Maka dari itu, dalam penanggulangan hama padi huma, masyarakat Baduy
menggunakan racikan biopestisida dan rawun pare daripada pestisida pabrikan
yang dianggap dapat meracuni dan merusak lingkungan.
Upaya
mengusir hama padi huma tersebut tampaknya cukup berhasil. Buktinya, kejadian
puso panen padi huma akibat gangguan hama sangat jarang terjadi di Baduy.
Mengapa demikian? Pasalnya, berbagai tumbuhan untuk biopestisida atau rawun
pare orang Baduy dikenal secara ilmiah (etik) termasuk kategori tumbuhan
pengusir hama (repellent).
Kehidupan
mereka yang sederhana membuat mereka tidak terlalu mementingkan harta, yang
penting uang yang mereka miliki cukup untuk makan dan kebutuhuan penting
lainya. Sebuah nilai kearifan lokal yang sekarang ini jarang bisa ditemui lagi
mengingat sekarang ini banyak masyarakat yang menganggap bahwa uang adalah
segalanya dan uang adalah raja yang harus mereka cari dan kumpulkan sebanyak-banyaknya
untuk keberlangsungan hidup mereka.
Pelaksana
sehari-hari pemerintahan adat kapu’unan (kepu’unan) dilaksanakan oleh jaro,
yang dibagi ke dalam empat jabatan, yaitu jaro tangtu, jaro dangka, jaro
tanggungan, dan jaro pamarentah. Jaro tangtu bertanggung jawab pada pelaksanaan
hukum adat pada warga tangtu dan berbagai macam urusan lainnya. Jaro dangka
bertugas menjaga, mengurus, dan memelihara tanah titipan leluhur yang ada di
dalam dan di luar Kanekes. Jaro dangka berjumlah sembilan orang, yang apabila
ditambah dengan 3 orang jaro tangtu disebut sebagai jaro dua belas. Pimpinan
dari jaro duabelas ini disebut sebagai jaro tanggungan.
Adapun
jaro pamarentah secara adat bertugas sebagai penghubung antara masyarakat adat
Kanekes dengan pemerintah nasional, yang dalam tugasnya dibantu oleh pangiwa,
carik, dan kokolot lembur atau tetua kampung. Prinsip kearifan yang dipatuhi
secara turun temurun oleh masyarakat Baduy ini membuat mereka tampil sebagai
sebuah masyarakat yang mandiri, baik secara sosial maupun secara ekonomi.
Karena itu, ketika badai krisis keuangan global melanda dunia, dan merontokkan
pertahanan ekonomi kita di awal tahun milennium ini, suku Baduy terbebas dari
kesulitan itu. Hal itu berkat kemandirian mereka yang diterapkan dalam prinsip
hidup sehari-hari.
Masyarakat
Baduy sangat percaya bahwa segala sesuatu di alam ini telah diciptakan oleh
Sang Maha Pencipta. Oleh karenanya, sebagai manusia yang juga diciptakan,
manusia tidak memiliki kepatutan untuk merusak seperti memotong atau menyambung.

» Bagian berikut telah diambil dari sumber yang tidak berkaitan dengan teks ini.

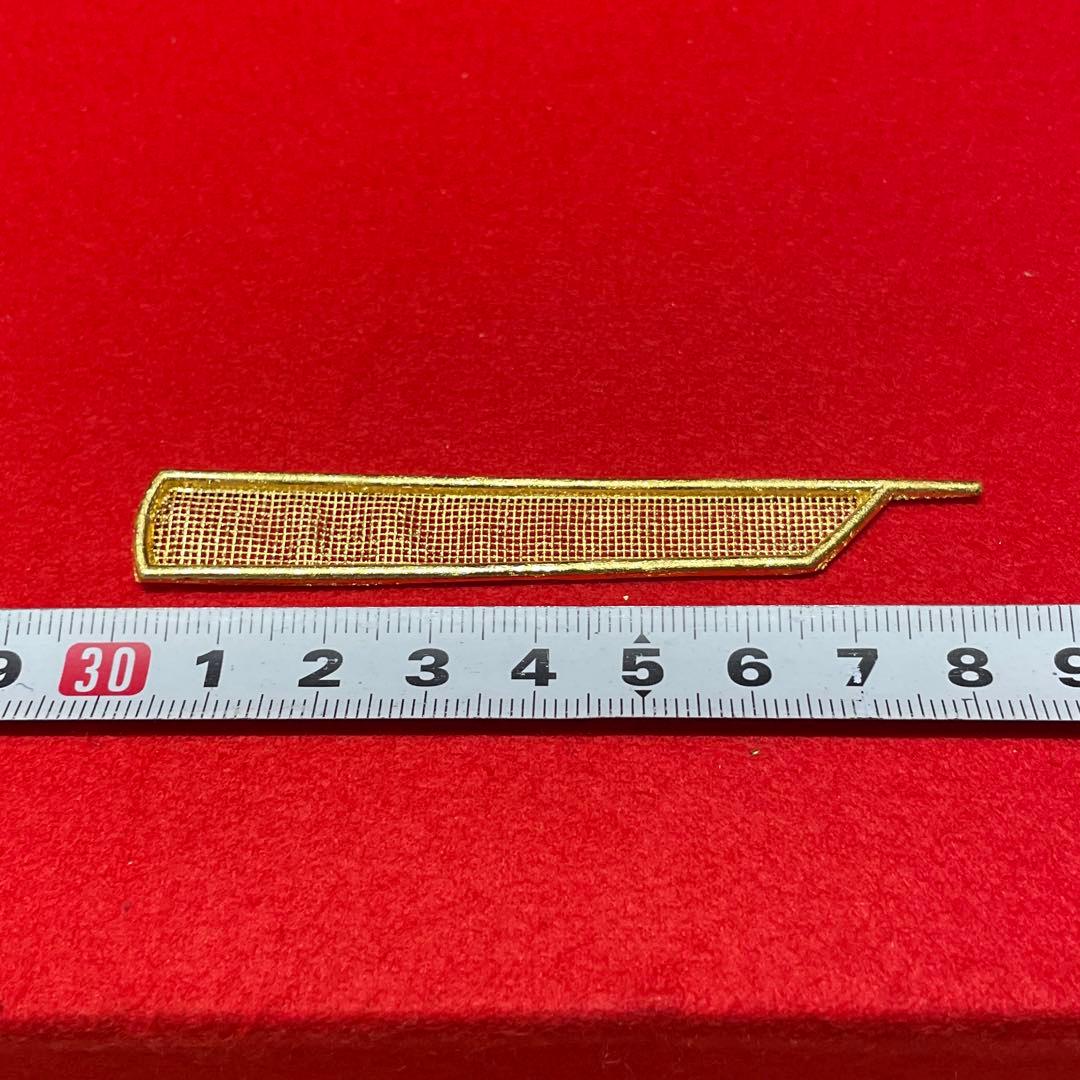 桃の節句　雛人形　親王　小道具　純金箔　　持ち物No.9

Konsep hidup yang diserahkan pada gagasan natural ini jelas memperkuat
masyarakat Baduy secara umum bahwa mereka dilahirkan untuk menjaga stabilitas
alam agar tetap seimbang.
Kesederhanaan
hidup ini adalah cara mereka untuk “bersatu” dengan alam. Pikukuh yang menjadi
pegangan hidup mereka dianggap sebagai harga mati dan tak boleh diubah.